Wir haben in Deutschland Fachleute, die sich in der Region auskennen und das Desaster vorhergesagt haben, sowohl in den Reihen der Politik (zum Beispiel Norbert Röttgen, Jürgen Todenhöfer, um nur zwei zu nennen) als auch in denen der Militärs. Und es war vermutlich eine so genannte „politische Entscheidung“, entgegen diesen Warnungen die Situation in der Öffentlichkeit schön zu reden und zu verharmlosen.
Ich frage mich, wie es den Eltern und Angehörigen der getöteten deutschen und amerikanischen Soldaten gehen mag, die jetzt den Gedanken ertragen müssen, dass ihre Kinder, Brüder, Ehemänner und Väter für einen absehbar sinn- und wirkungslosen militärischen Einsatz ihr Leben gelassen haben.
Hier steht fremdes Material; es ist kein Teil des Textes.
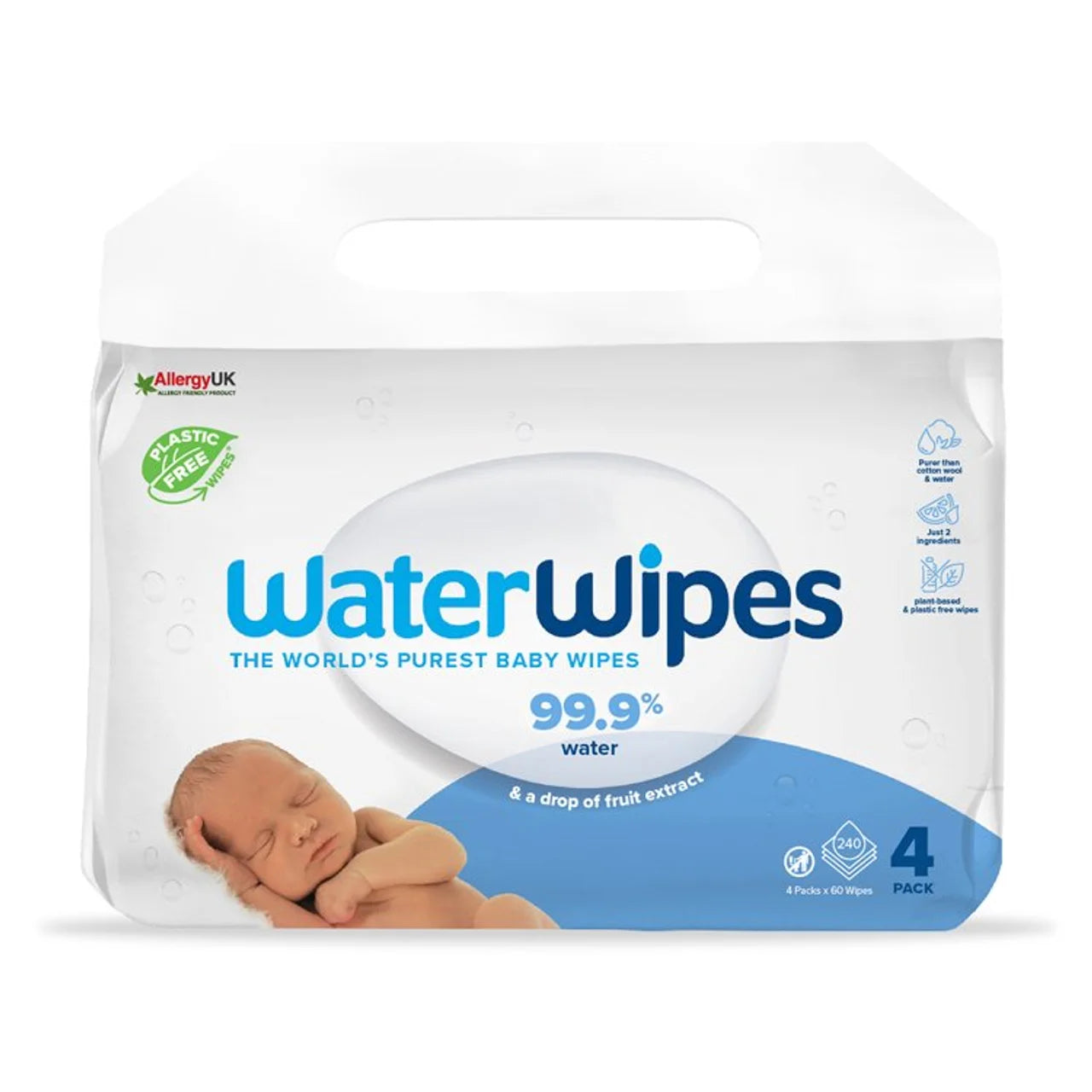 Waterwipes Core 60 Wipes 3pk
Ich frage mich aber auch, wie die jüngsten politischen Entscheidungen ausgesehen hätten, wären Angehörige hiesiger politischer Entscheidungsträger in Afghanistan involviert.
Gab es nicht am 31. Juli 2021 in Katar Gespräche zwischen „hochrangigen deutschen Diplomaten und den Taliban“, die mit einer „überraschend deutlichen Zusage der Taliban endete, sich für den Schutz der afghanischen Ortskräfte einzusetzen“? Bei der Betrachtung dieser und vieler weiterer innen- und außenpolitischen Facetten unserer Politik denke ich immer häufiger und mit wachsendem Entsetzen an Max Frischs „Biedermann und die Brandstifter“ von 1953 (!), der (Zitat Wikipedia) „zwei Brandstifter in sein Haus aufnimmt, obwohl sie von Anfang an erkennen lassen, dass sie es anzünden werden“ und der noch an das Gute im Menschen glaubt, obwohl der Dachstuhl schon brennt. „Ein Lehrstück ohne Lehre“, wie der Untertitel sagt.